Com risco de queda na arrecadação, municípios devem incentivar inovação na cadeia produtiva e trazer empresas estabelecidas aos ecossistemas

Com mudança na legislação, municípios baseados na prestação de serviços para outras localidades correm risco de perder arrecadação. Caminho é incentivar inovação na cadeia produtiva local e trazer empresas estabelecidas aos ecossistemas. / Imagem: DALL-E/SC Inova


[15.04.2025]
“Territórios que promovem a inovação passam a ter melhores indicadores de desenvolvimento econômico e social e tendem a atrair mais negócios e profissionais qualificados", argumenta o autor Marcus Rocha. / Foto: Caio Cezar (Divulgação)
Marcus Rocha, especialista em Ecossistemas e Habitats de Inovação.
Escreve mensalmente sobre o tema no SC Inova

Um dos assuntos mais ‘quentes’ dos últimos tempos no Brasil foi a tão aguardada Reforma Tributária, cujos primeiros passos foram consolidados pela Emenda Constitucional 132. Este artigo não entrará nas diversas polêmicas desta nova legislação, cuja implantação ocorrerá gradualmente entre 2026 e 2032, mas destaca um ponto que trará impacto significativo nos Municípios e, portanto, também nos ecossistemas de inovação de todo o país: a mudança do domicílio da cobrança dos impostos sobre Bens e Serviços.

Para quem não está familiarizado com o assunto, cabe destacar que a regra tributária atual sobre bens/produtos e serviços considera o Imposto sobre Serviços (ISS), de competência municipal, e o Imposto sobre a Circulação de Mercadorias e Serviços (ICMS), de competência estadual.
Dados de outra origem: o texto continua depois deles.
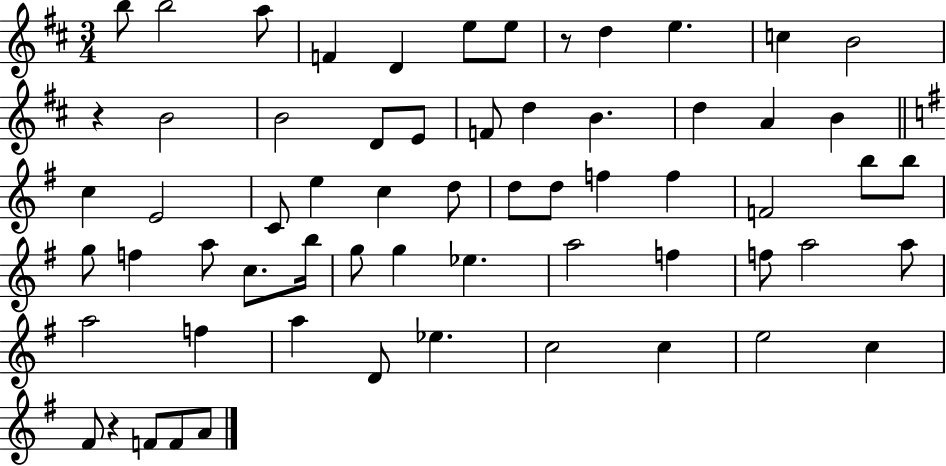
B5/e B5/h A5/e F4/q D4/q E5/e E5/e R/e D5/q E5/q. C5/q B4/h R/q B4/h B4/h D4/e E4/e F4/e D5/q B4/q. D5/q A4/q B4/q C5/q E4/h C4/e E5/q C5/q D5/e D5/e D5/e F5/q F5/q F4/h B5/e B5/e G5/e F5/q A5/e C5/e. B5/s G5/e G5/q Eb5/q. A5/h F5/q F5/e A5/h A5/e A5/h F5/q A5/q D4/e Eb5/q. C5/h C5/q E5/h C5/q F#4/e R/q F4/e F4/e A4/e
Com a reforma, será criado um tributo único chamado Imposto sobre Bens e Serviços (IBS), que irá compor uma parte do Imposto sobre Valor Agregado (IVA).

Hoje tanto ISS quanto ICMS são cobrados na origem, ou seja, nos Municípios e Estados a partir de onde foram fornecidos. A partir da reforma, a cobrança do novo IBS passará a acontecer no destino, ou seja, no Município ou Estado do comprador dos produtos ou serviços em questão. Diversos estudos já indicam que esta mudança certamente resultará em redução significativa de arrecadação das Prefeituras  que dependem do ISS para sustentar suas finanças, pela exportação de serviços produzidos em seu território. Ocorre que esta é exatamente a realidade dos Municípios que possuem ecossistemas de inovação que estão sendo bem-sucedidos e que passaram a ter boa parte da arrecadação vinda da prestação de serviços pelo ISS. 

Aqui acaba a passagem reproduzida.